Kesehatan
GERD! Pahami Gejala dan Cara Pengobatannya!
Gastroesophageal reflux disease atau lebih dikenal dengan Gerd, seringkali disamakan dengan penyakit maag karena gejalanya sekilas mirip, yaitu nyeri
TRIBUN-BALI.COM - Gastroesophageal reflux disease atau lebih dikenal dengan Gerd, seringkali disamakan dengan penyakit maag karena gejalanya sekilas mirip, yaitu nyeri dan asam lambung.
Padahal, Gerd dan penyakit maag memiliki perbedaan, mulai dari kondisi hingga gejala yang dialami penderitanya.
Dr Hasan Maulahela, SpPD-KGEH, yang berpraktik di RS Pondok Indah Jakarta, menjelaskan perbedaan antara kedua penyakit tersebut.
"Secara umum Gerd adalah penyakit yang diakibatkan refluks asam lambung di kerongkongan.
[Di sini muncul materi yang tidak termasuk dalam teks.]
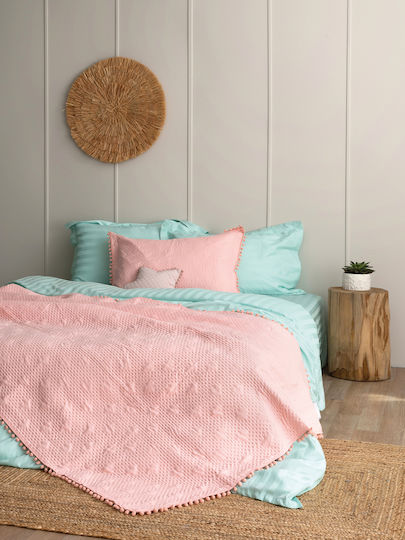 Palamaiki Morgan Κουβερλί Μονό Microfiber Pink 160x240cm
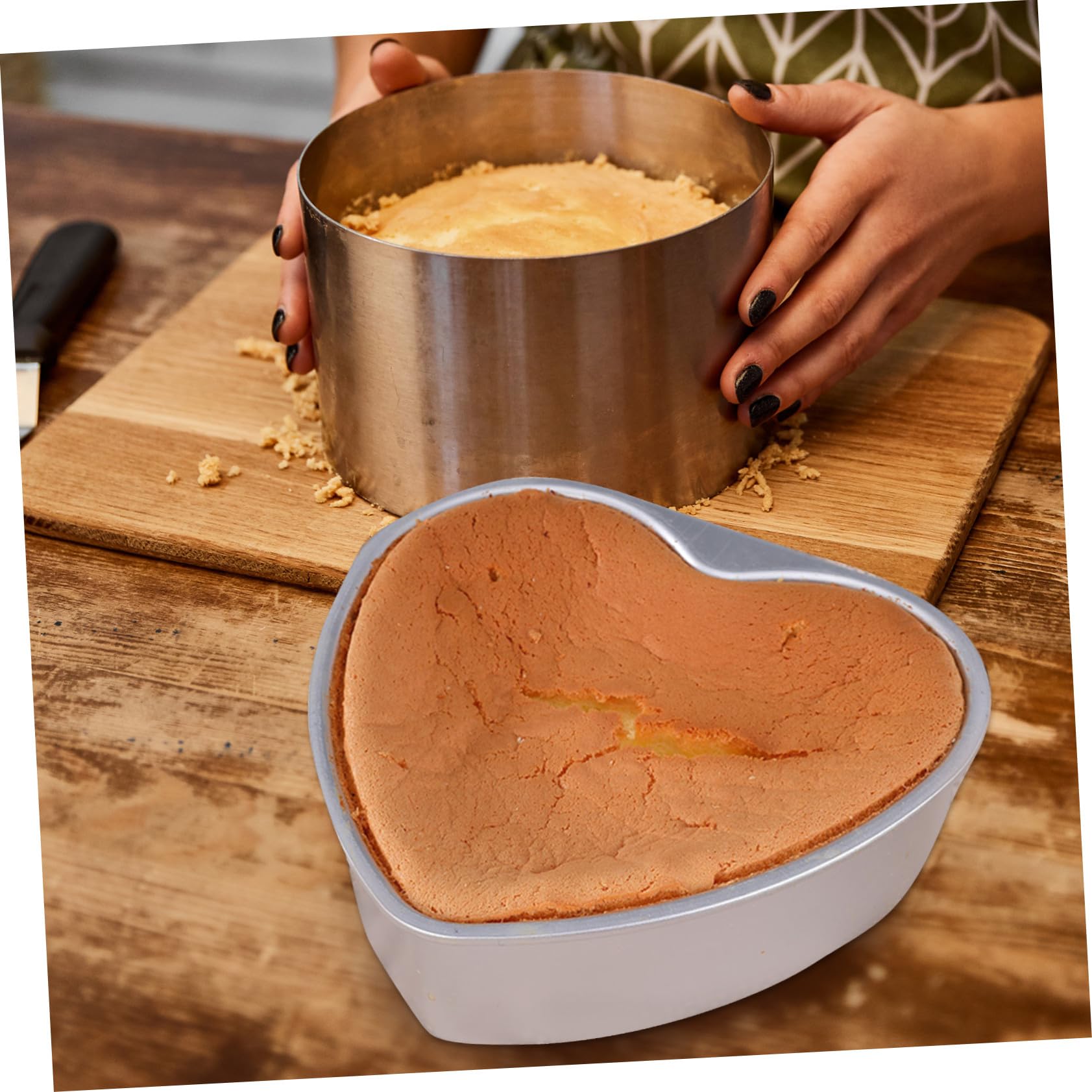 Mikikit Molde para Pastel de Bricolaje Forma de Corazón 8 Pulgadas Antiadherente Base Desmontable Superficie Lisa para Repostería en Cumpleaños y Celebraciones Familiares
Sedangkan, sakit maag itu adalah kondisi peradangan yang terjadi di bagian lambung," kata Hasan, dalam program talkshow 'Perbedaan Gerd dan maag' yang ditayangkan live di akun Facebook Kompas.com.
Baca juga: RUDAL Balistik Antar Benua, Rusia Ingatkan Barat!
Gejala khas Gerd biasanya ada rasa panas di dada, atau yang dikenal dengan sebutan heartburn, serta rasa ingin muntah atau makanan berbalik.
"Gejala lain yang tidak spesifik adalah sesak napas mirip asma, batuk kronis, perubahan suara, dan radang tenggorokan," papar Hasan.
Sedangkan untuk penyakit maag, gejala yang paling utama adalah rasa nyeri di ulu hati dan kiri atas.
Penyebab Gerd, perubahan gaya hidup yang serba cepat dan praktis, serta pola makan masyarakat yang tinggal di daerah perkotaan, berkontribusi pada peningkatan kasus Gerd.
"Kami melakukan penelitian di Jakarta, dan tren kasus Gerd meningkat, terutama pada orang di usia produktif," ujarnya.
Gerd juga dipicu oleh pola makan yang berlebihan, konsumsi makanan yang mengandung lemak, kebiasaan merokok, dan obesitas.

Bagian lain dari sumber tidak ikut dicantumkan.